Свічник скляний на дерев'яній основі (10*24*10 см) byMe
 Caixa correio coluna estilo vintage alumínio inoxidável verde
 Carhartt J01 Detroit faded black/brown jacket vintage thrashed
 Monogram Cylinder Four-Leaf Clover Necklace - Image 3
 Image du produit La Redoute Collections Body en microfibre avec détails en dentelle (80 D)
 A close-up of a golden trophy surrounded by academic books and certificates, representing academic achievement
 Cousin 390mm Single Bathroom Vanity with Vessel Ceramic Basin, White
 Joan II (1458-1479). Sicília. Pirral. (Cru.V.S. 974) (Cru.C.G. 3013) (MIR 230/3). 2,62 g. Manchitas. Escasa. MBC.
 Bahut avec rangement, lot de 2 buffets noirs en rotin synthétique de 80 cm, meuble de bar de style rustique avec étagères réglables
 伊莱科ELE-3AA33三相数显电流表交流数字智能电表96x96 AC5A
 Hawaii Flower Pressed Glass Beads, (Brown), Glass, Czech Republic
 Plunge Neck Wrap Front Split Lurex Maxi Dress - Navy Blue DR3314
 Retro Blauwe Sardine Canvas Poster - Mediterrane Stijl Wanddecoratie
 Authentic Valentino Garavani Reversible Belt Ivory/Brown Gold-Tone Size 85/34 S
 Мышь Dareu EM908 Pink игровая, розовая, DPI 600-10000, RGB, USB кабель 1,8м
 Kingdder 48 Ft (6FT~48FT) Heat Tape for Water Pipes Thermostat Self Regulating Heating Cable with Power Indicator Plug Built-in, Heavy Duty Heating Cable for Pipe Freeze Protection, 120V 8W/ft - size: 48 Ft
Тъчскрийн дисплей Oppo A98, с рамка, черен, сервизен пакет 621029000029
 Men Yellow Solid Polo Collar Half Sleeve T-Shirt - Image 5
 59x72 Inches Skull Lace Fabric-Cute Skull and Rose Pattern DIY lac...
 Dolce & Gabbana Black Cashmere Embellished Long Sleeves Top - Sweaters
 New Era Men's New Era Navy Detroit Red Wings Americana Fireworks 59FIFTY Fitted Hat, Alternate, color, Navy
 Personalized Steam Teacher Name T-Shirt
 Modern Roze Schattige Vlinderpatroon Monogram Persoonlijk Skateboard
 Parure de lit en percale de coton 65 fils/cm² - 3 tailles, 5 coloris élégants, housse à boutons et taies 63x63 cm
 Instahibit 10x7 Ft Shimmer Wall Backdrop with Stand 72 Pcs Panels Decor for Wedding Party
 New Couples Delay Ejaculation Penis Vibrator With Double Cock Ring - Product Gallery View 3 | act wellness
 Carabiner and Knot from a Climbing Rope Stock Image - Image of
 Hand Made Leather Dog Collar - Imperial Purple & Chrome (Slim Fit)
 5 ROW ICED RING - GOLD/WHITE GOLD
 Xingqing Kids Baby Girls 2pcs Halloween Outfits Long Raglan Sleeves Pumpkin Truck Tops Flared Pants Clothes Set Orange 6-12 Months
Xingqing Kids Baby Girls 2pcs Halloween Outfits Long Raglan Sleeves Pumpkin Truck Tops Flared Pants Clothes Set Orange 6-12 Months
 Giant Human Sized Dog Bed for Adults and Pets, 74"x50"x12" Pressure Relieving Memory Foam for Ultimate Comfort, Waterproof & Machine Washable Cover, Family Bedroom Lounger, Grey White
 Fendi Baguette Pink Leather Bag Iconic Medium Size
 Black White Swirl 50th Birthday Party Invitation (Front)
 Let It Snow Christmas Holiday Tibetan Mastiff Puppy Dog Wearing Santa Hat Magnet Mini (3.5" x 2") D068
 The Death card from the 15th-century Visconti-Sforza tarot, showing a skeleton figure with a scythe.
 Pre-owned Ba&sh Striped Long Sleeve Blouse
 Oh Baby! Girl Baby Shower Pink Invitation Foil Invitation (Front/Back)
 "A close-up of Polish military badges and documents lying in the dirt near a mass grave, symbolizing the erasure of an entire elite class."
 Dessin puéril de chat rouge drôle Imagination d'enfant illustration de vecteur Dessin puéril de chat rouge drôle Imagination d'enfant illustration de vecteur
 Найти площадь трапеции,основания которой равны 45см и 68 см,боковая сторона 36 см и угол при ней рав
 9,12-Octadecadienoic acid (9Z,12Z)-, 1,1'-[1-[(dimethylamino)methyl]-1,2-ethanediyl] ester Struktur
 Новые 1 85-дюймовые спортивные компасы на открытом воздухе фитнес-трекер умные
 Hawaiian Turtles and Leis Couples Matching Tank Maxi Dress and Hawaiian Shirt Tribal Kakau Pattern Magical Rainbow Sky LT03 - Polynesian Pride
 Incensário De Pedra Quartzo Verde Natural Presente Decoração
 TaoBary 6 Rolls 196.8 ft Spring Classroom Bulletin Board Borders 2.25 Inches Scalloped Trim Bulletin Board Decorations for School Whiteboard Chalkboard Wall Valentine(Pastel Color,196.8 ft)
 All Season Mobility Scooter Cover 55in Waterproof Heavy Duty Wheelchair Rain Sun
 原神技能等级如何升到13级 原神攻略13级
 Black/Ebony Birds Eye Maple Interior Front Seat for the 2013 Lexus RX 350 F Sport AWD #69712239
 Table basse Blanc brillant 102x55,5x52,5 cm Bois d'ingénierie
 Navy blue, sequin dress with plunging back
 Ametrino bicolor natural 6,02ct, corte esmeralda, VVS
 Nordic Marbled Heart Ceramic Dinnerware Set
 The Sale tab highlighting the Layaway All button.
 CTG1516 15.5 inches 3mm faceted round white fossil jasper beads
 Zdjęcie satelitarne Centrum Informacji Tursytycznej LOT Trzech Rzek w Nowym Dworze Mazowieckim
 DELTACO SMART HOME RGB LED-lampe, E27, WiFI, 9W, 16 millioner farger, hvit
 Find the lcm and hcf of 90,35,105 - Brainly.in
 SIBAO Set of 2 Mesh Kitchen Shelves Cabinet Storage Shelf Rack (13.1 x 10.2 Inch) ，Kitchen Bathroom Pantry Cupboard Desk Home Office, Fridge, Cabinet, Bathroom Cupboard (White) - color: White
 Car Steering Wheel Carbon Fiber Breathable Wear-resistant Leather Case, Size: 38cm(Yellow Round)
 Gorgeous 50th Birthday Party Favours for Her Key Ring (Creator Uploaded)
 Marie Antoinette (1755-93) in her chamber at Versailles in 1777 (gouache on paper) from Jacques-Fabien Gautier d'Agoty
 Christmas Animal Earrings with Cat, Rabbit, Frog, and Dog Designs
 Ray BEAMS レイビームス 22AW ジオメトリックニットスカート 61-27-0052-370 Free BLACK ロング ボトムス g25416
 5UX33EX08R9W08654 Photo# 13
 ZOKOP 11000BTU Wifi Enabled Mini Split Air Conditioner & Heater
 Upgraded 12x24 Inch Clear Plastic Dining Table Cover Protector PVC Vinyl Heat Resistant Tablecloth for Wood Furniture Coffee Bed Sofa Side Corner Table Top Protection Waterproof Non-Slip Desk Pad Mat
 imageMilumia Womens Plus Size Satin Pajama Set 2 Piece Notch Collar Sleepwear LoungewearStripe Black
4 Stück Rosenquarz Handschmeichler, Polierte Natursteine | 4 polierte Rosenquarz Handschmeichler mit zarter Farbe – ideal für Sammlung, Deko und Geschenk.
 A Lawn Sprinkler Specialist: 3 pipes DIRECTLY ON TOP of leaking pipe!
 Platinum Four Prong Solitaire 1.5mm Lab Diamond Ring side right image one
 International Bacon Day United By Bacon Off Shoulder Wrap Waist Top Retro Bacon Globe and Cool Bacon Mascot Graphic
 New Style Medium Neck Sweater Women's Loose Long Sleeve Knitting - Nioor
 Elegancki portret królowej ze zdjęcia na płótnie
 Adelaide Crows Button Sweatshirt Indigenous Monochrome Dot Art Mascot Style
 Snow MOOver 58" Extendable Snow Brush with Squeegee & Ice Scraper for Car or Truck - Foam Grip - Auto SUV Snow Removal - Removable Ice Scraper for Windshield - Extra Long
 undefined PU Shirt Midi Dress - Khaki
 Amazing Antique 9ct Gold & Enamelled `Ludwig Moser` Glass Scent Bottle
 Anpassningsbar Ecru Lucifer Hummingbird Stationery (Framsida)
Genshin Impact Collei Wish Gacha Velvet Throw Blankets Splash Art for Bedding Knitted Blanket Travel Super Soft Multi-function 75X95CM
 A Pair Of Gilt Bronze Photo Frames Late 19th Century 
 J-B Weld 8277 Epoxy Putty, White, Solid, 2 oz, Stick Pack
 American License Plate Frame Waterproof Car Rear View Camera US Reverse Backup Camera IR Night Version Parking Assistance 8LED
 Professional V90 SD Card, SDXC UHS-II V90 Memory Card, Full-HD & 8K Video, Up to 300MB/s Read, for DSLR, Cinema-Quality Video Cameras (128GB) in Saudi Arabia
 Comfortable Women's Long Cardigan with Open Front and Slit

Required action:
Repeat, word for word, the lines above between the line holding "59x72 Inches Skull" and the line holding "5 ROW ICED RING - GOLD/WHITE GOLD", inclusive; omit everything else.

Exercise answer:
 59x72 Inches Skull Lace Fabric-Cute Skull and Rose Pattern DIY lac...
 Dolce & Gabbana Black Cashmere Embellished Long Sleeves Top - Sweaters
 New Era Men's New Era Navy Detroit Red Wings Americana Fireworks 59FIFTY Fitted Hat, Alternate, color, Navy
 Personalized Steam Teacher Name T-Shirt
 Modern Roze Schattige Vlinderpatroon Monogram Persoonlijk Skateboard
 Parure de lit en percale de coton 65 fils/cm² - 3 tailles, 5 coloris élégants, housse à boutons et taies 63x63 cm
 Instahibit 10x7 Ft Shimmer Wall Backdrop with Stand 72 Pcs Panels Decor for Wedding Party
 New Couples Delay Ejaculation Penis Vibrator With Double Cock Ring - Product Gallery View 3 | act wellness
 Carabiner and Knot from a Climbing Rope Stock Image - Image of
 Hand Made Leather Dog Collar - Imperial Purple & Chrome (Slim Fit)
 5 ROW ICED RING - GOLD/WHITE GOLD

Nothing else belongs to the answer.